Flavor‑wise, sacha inchi is a protein‑rich seed with an earthy, nutty character; if you know you dislike that profile or coconut, this may not be your match. And it contains tree nuts and coconut, so it’s off the table for those allergies.
The Middle Ground
The trade‑off here is refreshingly clear.
Many bars push protein into the 20–25g range by leaning on sugar alcohols, syrups, and a longer list of stabilizers; Healthy Truth goes the other way: a concise, organic ingredient deck, fruit‑forward sweetness, and a plant blend that lands at 15g.
The athlete attention reported by WCVB Chronicle is a nice nudge of social proof, but it isn’t a substitute for your own priorities—or your palate. If you want a bar that tastes like a candy bar and keeps sugar to near zero, this isn’t it.

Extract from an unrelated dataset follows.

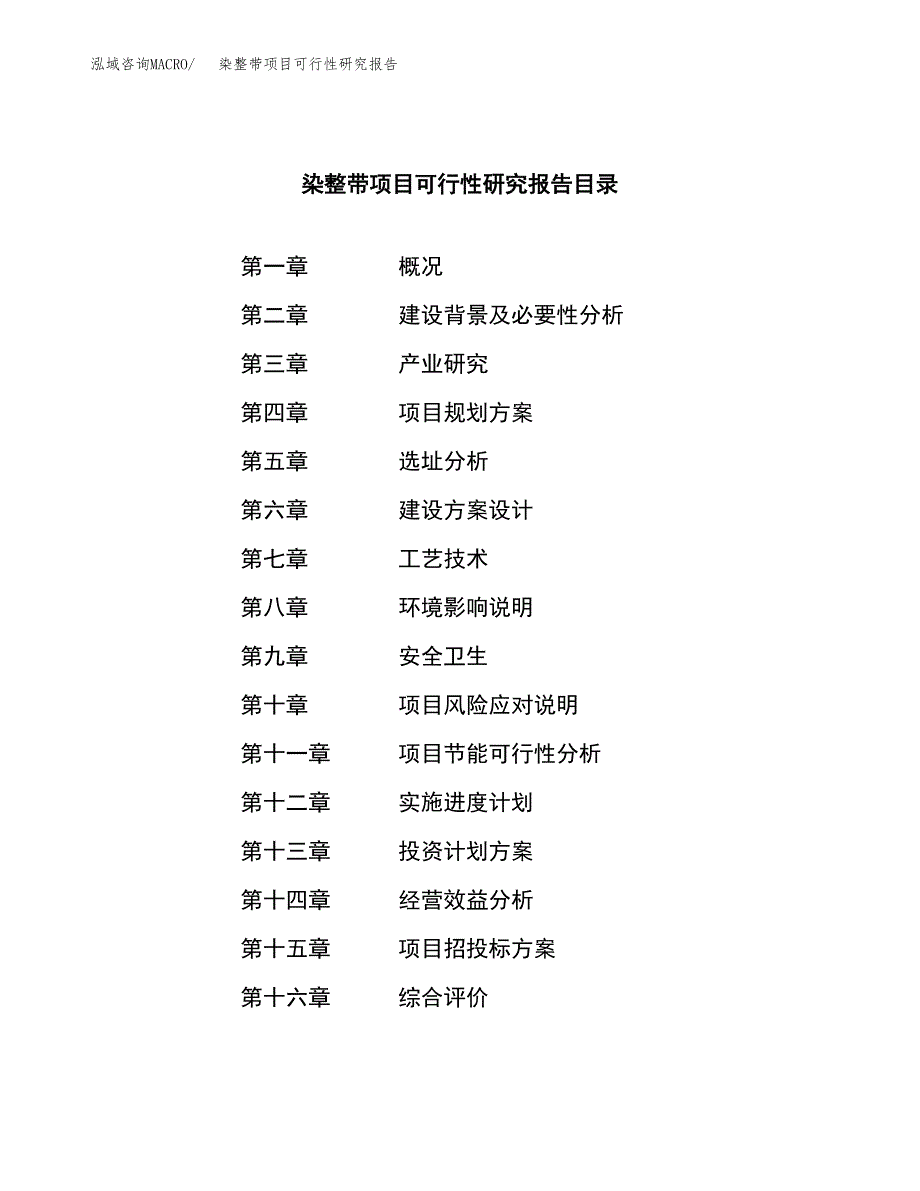 染整带项目可行性研究报告（总投资14000万元）（65亩）_第4页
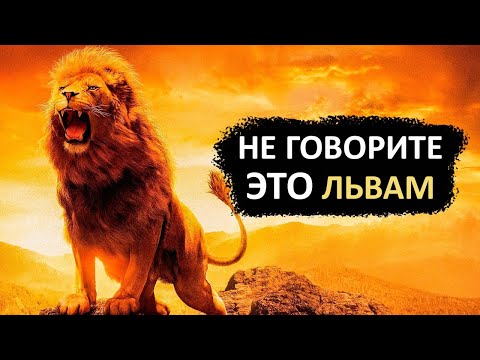Видео: Не говорите эти 15 фраз знаку ЛЕВ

If you value an ingredient list you can explain to a teenager, prefer to avoid sugar alcohols, and are comfortable with a moderate protein dose, it hits the brief. Yes, cassava fiber and MCT oil are refined elements, yet in the world of protein bars, this is still a notably short, whole‑food‑leaning recipe.
The open questions are personal: Do you like a gently sweet, nut‑and‑vanilla profile? Does your routine call for 15g or 25g of protein?
Only your day—and your stomach—can answer that.
What's the bottom line?
Healthy Truth’s Vanilla Almond Protein Bar is a thoughtful plant‑based option that prioritizes organic, sprouted ingredients and skips the sweetener tricks. At 210 calories with 15g of protein, 10g of fat, and 20g of carbs, it’s a balanced, snack‑sized bar that favors real‑food sweetness (dates) over the ultra‑low‑sugar arms race. The result: clean flavor, no sugar alcohol aftertaste, and a label that reads like food, not formula.
It’s not built to be the most jacked bar in the aisle, and that’s the point. Choose it when you want a gentler, more natural take—something to bridge an afternoon gap, tag along on a hike, or follow a lighter workout—especially if you avoid dairy, soy, and sugar alcohols. Skip it if you need ultra‑high protein per calorie, a low‑carb profile, or if tree nuts/coconut are off‑limits.
Condensed listicle take: Organic, sprouted, plant‑based bar with 15g of pea + sacha inchi protein and no sugar alcohols; sweetness comes from dates and a touch of coconut nectar. Best for clean‑label snackers who want balanced energy at 210 calories. Heads‑up: 7g sugar and 20g carbs mean it’s not a keto play, and it contains tree nuts/coconut.